SOURCE RECORDS
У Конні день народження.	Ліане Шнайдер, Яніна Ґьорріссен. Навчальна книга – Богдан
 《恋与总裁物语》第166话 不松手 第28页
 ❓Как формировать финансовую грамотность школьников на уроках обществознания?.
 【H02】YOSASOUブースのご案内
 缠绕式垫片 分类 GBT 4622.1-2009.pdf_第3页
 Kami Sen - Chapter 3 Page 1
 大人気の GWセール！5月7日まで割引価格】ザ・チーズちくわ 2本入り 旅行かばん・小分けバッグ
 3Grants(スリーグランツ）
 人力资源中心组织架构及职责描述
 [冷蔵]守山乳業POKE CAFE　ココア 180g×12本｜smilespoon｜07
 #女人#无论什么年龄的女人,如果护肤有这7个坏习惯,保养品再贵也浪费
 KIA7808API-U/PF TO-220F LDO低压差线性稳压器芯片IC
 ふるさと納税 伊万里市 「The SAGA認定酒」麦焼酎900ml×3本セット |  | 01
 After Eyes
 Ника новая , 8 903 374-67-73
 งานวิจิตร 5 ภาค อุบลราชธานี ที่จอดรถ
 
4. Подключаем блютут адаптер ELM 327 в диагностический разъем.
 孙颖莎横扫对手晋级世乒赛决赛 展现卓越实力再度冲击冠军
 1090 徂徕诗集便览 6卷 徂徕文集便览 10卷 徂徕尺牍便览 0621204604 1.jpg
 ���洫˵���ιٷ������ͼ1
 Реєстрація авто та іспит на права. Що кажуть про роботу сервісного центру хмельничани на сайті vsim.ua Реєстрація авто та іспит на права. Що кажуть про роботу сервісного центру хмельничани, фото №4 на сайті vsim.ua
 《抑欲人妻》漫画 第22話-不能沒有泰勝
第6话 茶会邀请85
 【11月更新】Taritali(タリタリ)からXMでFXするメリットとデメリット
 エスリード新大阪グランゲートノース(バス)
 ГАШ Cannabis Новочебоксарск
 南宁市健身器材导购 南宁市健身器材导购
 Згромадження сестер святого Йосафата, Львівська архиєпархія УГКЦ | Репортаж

WHAT YOU SHOULD DO
Find the line with "4. Подключаем блютут" in the material above. Reproduce it and each line after it up to and including the line with "南宁市健身器材导购 南宁市健身器材导购".

FINISHED TASK
4. Подключаем блютут адаптер ELM 327 в диагностический разъем.
 孙颖莎横扫对手晋级世乒赛决赛 展现卓越实力再度冲击冠军
 1090 徂徕诗集便览 6卷 徂徕文集便览 10卷 徂徕尺牍便览 0621204604 1.jpg
 ���洫˵���ιٷ������ͼ1
 Реєстрація авто та іспит на права. Що кажуть про роботу сервісного центру хмельничани на сайті vsim.ua Реєстрація авто та іспит на права. Що кажуть про роботу сервісного центру хмельничани, фото №4 на сайті vsim.ua
 《抑欲人妻》漫画 第22話-不能沒有泰勝
第6话 茶会邀请85
 【11月更新】Taritali(タリタリ)からXMでFXするメリットとデメリット
 エスリード新大阪グランゲートノース(バス)
 ГАШ Cannabis Новочебоксарск
 南宁市健身器材导购 南宁市健身器材导购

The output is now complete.